E se engana quem acha que a tradição está morrendo em Salvador. É o que afirma Ione Sales, viúva do mais famoso fogueteiro da cidade, Florentino Moreira Sales, o Florentino Fogueteiro. Após a morte do patriarca, em 2006, a família assumiu o negócio e mantém a tradição de confeccionar os bonecos de Judas para o Sábado de Aleluia. Para este ano, foram feitos 200 bonecos, que dona Ione espera vender até a manhã do dia da festa.
Os bonecos são feitos artesanalmente pelos netos, que assumiram a produção desde a aposentadoria de Florentino devido a problemas de saúde. Os bonecos são construídos com papel, tecido, madeira e recheados com explosivos e espadas. Apesar dos muitos pedidos para fazer o Judas personalizado, dona Ione não acata as solicitações. "Muita gente pede para fazer com cara de políticos, mas eu não quero confusão. Cada um pode botar a máscara que quiser, mas a gente vende só com a cara de boneco mesmo", esclarece.
A qualidade do trabalho atrai compradores até de fora da Bahia. É o caso do grupo que veio do interior de Pernambuco exclusivamente para comprar dois Judas aqui em Salvador. O promotor da festa no município de São João Pernambuco é o vereador João Quirino de Oliveira. Ele conta que vale a pena enfrentar quase mil quilômetros de estrada por causa da qualidade do produto. "Só o pessoal daqui faz o Judas com esse pé, que o faz girar antes de explodir", conta.
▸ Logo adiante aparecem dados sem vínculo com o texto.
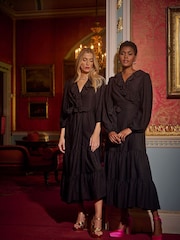 Another Sunday Wrap Over Midi Dress With Ruffle Detail - Image 2 of 11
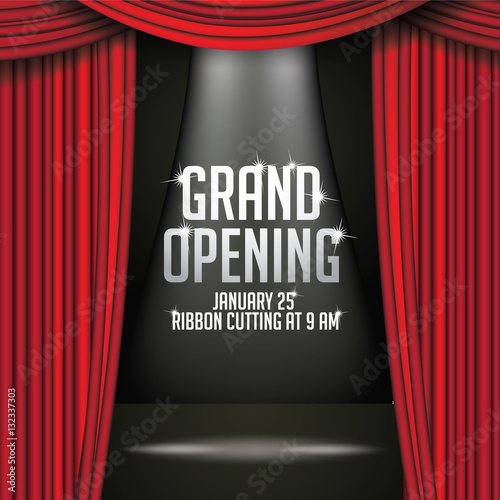 Luxurious red curtains background template. Grand opening announcement with dramatic movie or stage curtains. Open red velvet drapes, spotlight, copy space. EPS 10 vector.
Quirino se refere à disposição de algumas espadas na base que, segundo dona Ione, é o segredo do sucesso do boneco. "Nós arrumamos de um jeito que faz o Judas rodar para um lado, depois para o outro, e então as bombas começam a explodir", explica.
Em Salvador, a tradição da queima de Judas permanece forte no bairro de Pernambués. Organizado há 34 anos pelo comerciante Nivaldo Pereira, o Sábado de Aleluia é o ponto alto das comemorações da Semana Santa no local. Pereira trouxe o hábito de seu estado natal, Sergipe. "Na época em que cheguei aqui, ninguém queimava o Judas pelas redondezas, agora já está mais comum de ver". Mesmo com a concorrência, ele garante que a festa que organiza é a mais animada. "Isso aqui vira uma grande festa de largo e não falta assunto para botar no testamento do Judas", garante.
Pereira segue a tradição à risca: "A festa pode até começar cedo, mas a queima é só à meia-noite". Para ele, o significado maior da festa é o aspecto religioso que há por trás do evento. "É uma forma de a gente lembrar o mal que foi a traição de Judas", diz. Mas para garantir a animação do povo, Pereira revela um ingrediente que não pode faltar na festa: "O forró aqui vai até de manhã", promete.